Qual é a razão para a teologia reformada ter sido e continua a ser tão relevante para a sociedade? Dizer que o significado de teologia é simplesmente o estudo sobre Deus não basta. Cada disciplina define seu método com base no objeto de estudo. Por exemplo, a física baseia-se na observação do modo como os corpos físicos se comportam, e a astronomia na observação dos movimentos dos corpos siderais.

Levando isso para o campo da teologia, vemos então que não basta dizer que é a “disciplina que estuda Deus”, mas que também é necessário considerar quem é este Deus que a teologia, e neste caso a Teologia Reformada estuda e como o conhecemos. O que podemos dizer é que o conhecemos por sua revelação, que é de suma importância para a teologia, principalmente da linha reformada. Nesta compreensão da revelação de Deus, que para a tradição reformada a Sagrada Escritura é a maior revelação, entende-se que Deus se revela e age na história. Partindo deste pressuposto, foi desenvolvido o que é chamado “As quatro grandes palavras do Cristianismo”, e são elas: Criação, Queda, Redenção e Restauração. É desta compreensão que nasce a cosmovisão reformada. A cristalina teologia bíblica. E para tanto, os pais da reforma concluíram que a teologia tinha as suas funções bem práticas. Quero pontuar algumas: 1) A teologia como sistematização da doutrina cristã; 2) A teologia como explicação da realidade; 3) A teologia como defesa da fé e como ponte até os não crentes; 4) A teologia como crítica da vida e da proclamação da igreja; 5) A teologia como amparo para a realidade humana.

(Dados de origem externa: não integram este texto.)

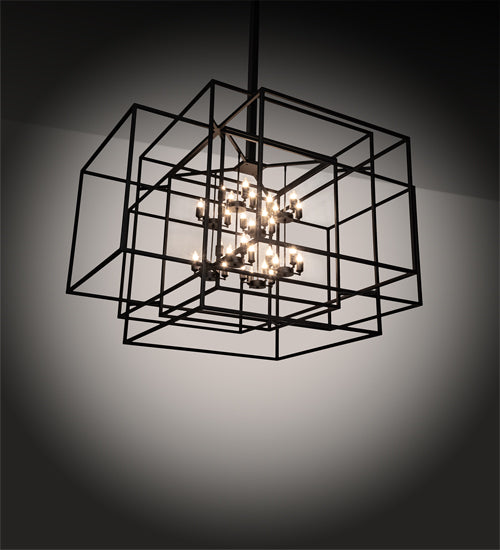 Meyda Lighting Kitzi Box 72"Sq 32-Light Textured Black Pendant Light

O homem de hoje está inserido numa cultura em que existem várias cosmovisões. É uma busca para oferecer um sentido à vida. O alvo deste pluralismo é buscar uma resposta para explicar a realidade, a ordem e os dilemas existências. A marca deste século chamado de pós-moderno para muitos estudiosos é o relativismo. Uma mesclagem de tantas idéias contraditórias tem criado um caos ao invés de uma ordem. Porém, nada disso resolve o problema da situação existencial que a humanidade enfrenta no século XXI. Será que o pluralismo é adequado para construir e sustentar uma cultura, uma civilização? Ou para isso é preciso uma visão unificada da realidade?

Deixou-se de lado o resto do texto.